= President of the Quorum of the Twelve =

Religious leadership position

President of the Quorum of the Twelve (also President of the Quorum of the Twelve Apostles, President of the Council of Twelve Apostles, and President of the Twelve) is a leadership position that exists in some of the churches of the Latter Day Saint movement. In these churches, the President is the head of the Quorum of the Twelve.

== Position in the original Latter Day Saint church ==
When Joseph Smith organized the first Quorum of the Twelve of the Church of the Latter Day Saints in 1835, he ranked the members in order of seniority, by age. The oldest—and therefore most senior—member was believed to be Thomas B. Marsh; he was designated by Smith as the quorum president. When new members were added to the quorum due to vacancies caused by death, apostasy, or excommunication, the new member was received as the junior member of the quorum, regardless of their age. The principle was established that the senior member of the quorum was to be its president.

When Marsh was excommunicated from the church in 1839, Brigham Young was the senior member of the quorum, and he therefore became the President of the Quorum. Young still held this position when Smith was killed in 1844. As President of the Quorum of the Twelve Apostles, Brigham Young claimed the authority to lead the church after Joseph Smith's death. The majority of Latter Day Saints endorsed Young's leadership; the church Young and his followers continued is today the Church of Jesus Christ of Latter-day Saints (LDS Church). Other Latter Day Saint denominations were formed by Latter Day Saints who dissented from Young's leadership over the church.

== The Church of Jesus Christ of Latter-day Saints ==

In the LDS Church, the President of the Quorum heads the Quorum of the Twelve Apostles, the second-highest leadership body in the church. The identity of the quorum president is determined by apostolic seniority: the member of the quorum who has been an apostle for the longest period of time is the president of the quorum. When the President of the Church dies, the highest-governing body, the First Presidency, is dissolved and the Quorum of the Twelve becomes the governing body of the church. In every instance, the President of the Quorum of the Twelve Apostles has been selected by the Quorum as the next President of the Church. Therefore, the senior apostle in the LDS Church is the President of the Church, and the second-most senior apostle is the President of the Quorum of the Twelve Apostles.
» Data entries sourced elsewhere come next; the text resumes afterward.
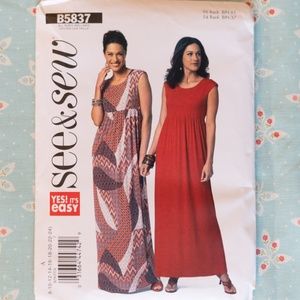 Butterick See & Sew Pattern B5837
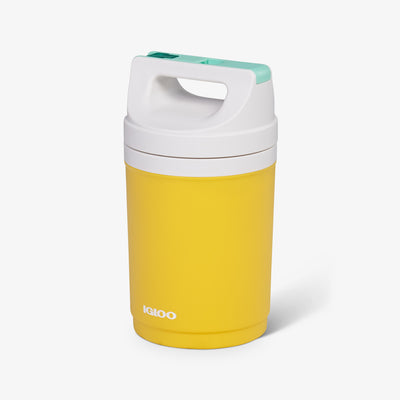 Angle View | Retro Playmate Half Gallon Jug::Yellow::Easy-carry handle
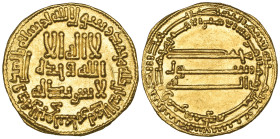 Abbasid, Harun al-Rashid, dinar, 179h, in the name of his heir al-Amin, 4.23g (Album 218.3), minor obv. scratch, extremely fine and sharp

Estimate:...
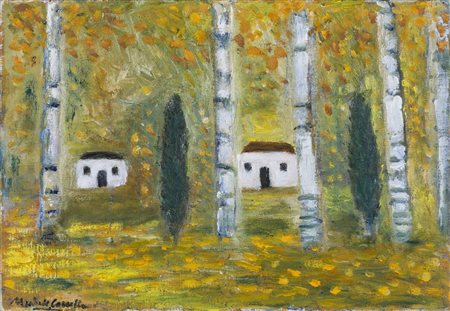 MICHELE CASCELLA (1892-1989)Bosco a Prestinone,&nbsp;1986Olio su telaCm...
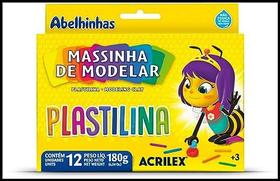 Massa Para Modelar Plastilina C/12 Cores 180G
The President of the Quorum of the Twelve Apostles is set apart to the position and exercises priesthood "keys" of quorum presidency. The president conducts Quorum meetings and otherwise acts as administrative leader of the apostles.

Due to the death of Boyd K. Packer on July 3, 2015, Russell M. Nelson became the new quorum president.

== Community of Christ ==
In the Community of Christ, the President of the Council of Twelve Apostles is the head of the church's Council of Twelve Apostles, the second-highest leadership body of the church. The quorum president is recommended by the First Presidency and is formally elected by the World Conference. The position is not based on seniority in the Council.

As of 2014, the President of the Council of Twelve Apostles is Linda L. Booth; she is the first woman to serve in this position.

== The Church of Jesus Christ (Bickertonite) ==
In The Church of Jesus Christ (Bickertonite), the President of the Quorum of Twelve Apostles is the administrative head of the Quorum of Twelve Apostles and is selected from its membership. The President of the Church is also selected from the membership of the Quorum and remains a member of the Quorum during his presidency.